Picking up from where we left off in the last post, the purpose of this post will be to show how we can use Performance Co-Pilot (PCP) and bpftrace together to graph low-level kernel metrics that are not typically exposed through the usual Linux tools. Effectively, if you can get a value from the kernel into an eBPF map (generic key/value data structure used for storing data in eBPF programs) in a bpftrace script, then you can get this graphed with Performance Co-Pilot.
To start, let’s look at how we can set up a development environment to work with bpftrace and Performance Co-Pilot. Once you have followed the steps in the last two posts, you have Performance Co-Pilot and Grafana installed and working. We’re now going to go to server-1 and install pcp-pmda-bpftrace:
yum install bpftrace pcp-pmda-bpftrace -y cd /var/lib/pcp/pmdas/bpftrace ./Install
To test that we have properly installed the bpftrace pmda, let’s try:
pmrep bpftrace.scripts.runqlat.data_bytes -s 5
and we should see 5 samples of run queue latency measured in microseconds:
b.s.r.data_bytes byte/s N/A 586.165 590.276 588.141 589.113
Now that we have the bpftrace pmda working with Performance Co-Pilot, we can begin the work of integrating this with Grafana in our development environment. We are starting with the development environment as you will want to refine your bpftrace script before moving it to production.
Further, enabling pcp bpftrace in Grafana requires creating a ‘metrics’ user for Grafana that can run any valid bpftrace script as root! You would want to steer away from doing this in production. Further in this post, we’ll cover how to use bpftrace scripts with pcp and Grafana in production.
So let’s grant that access by creating a ‘metrics’ Performance Co-Pilot user:
yum install cyrus-sasl-scram cyrus-sasl-lib -y useradd -r metrics passwd metrics saslpasswd2 -a pmcd metrics chown root:pcp /etc/pcp/passwd.db chmod 640 /etc/pcp/passwd.db
The saslpasswd2 command sets the password we’ll use and adds the ‘metrics’ user to the pmcd sasl group, allowing it access to pcp data.

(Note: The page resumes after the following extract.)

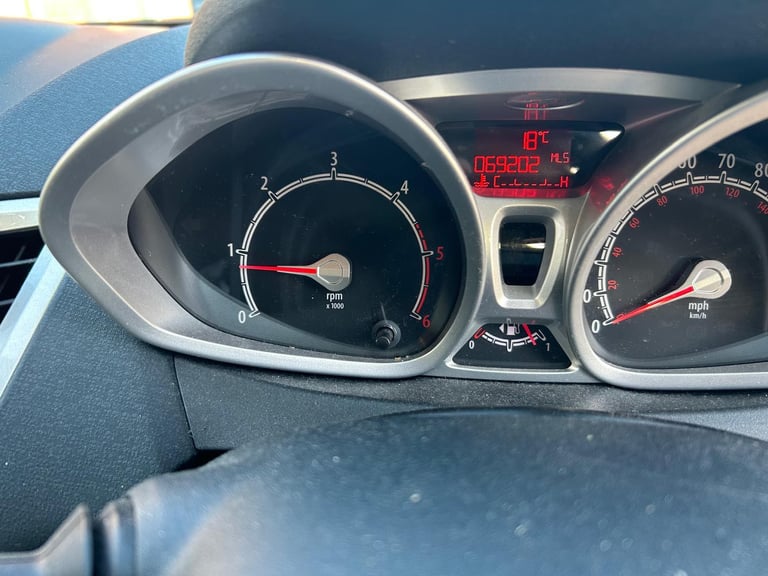 Ford, FIESTA, Hatchback, 2012, Manual, 1560 (cc), 5 doors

You’ll want to make sure these two lines are set in /etc/sasl2/pmcd.conf as well:
mech_list: scram-sha-256 sasldb_path: /etc/pcp/passwd.db
Now that we’ve done this, we do need to restart pcp, so we'll use systemctl
:
systemctl restart pmcd
Now, we need to configure the bpftrace pmda to allow this new user to use it. Please bear in mind that this step is intended for development purposes and not production. To do that we need to edit /var/lib/pcp/pmdas/bpftrace/bpftrace.conf and make sure these two items are set under [dynamic_scripts]:
enabled=true allowed_users=root,metrics
Once these changes have been made, we need to re-install the bpftrace pmda:
cd /var/lib/pcp/pmdas/bpftrace ./Remove ./Install
Now we are ready to browse to grafana at http://server-1:3000 and login with the admin password that we set in the first blog.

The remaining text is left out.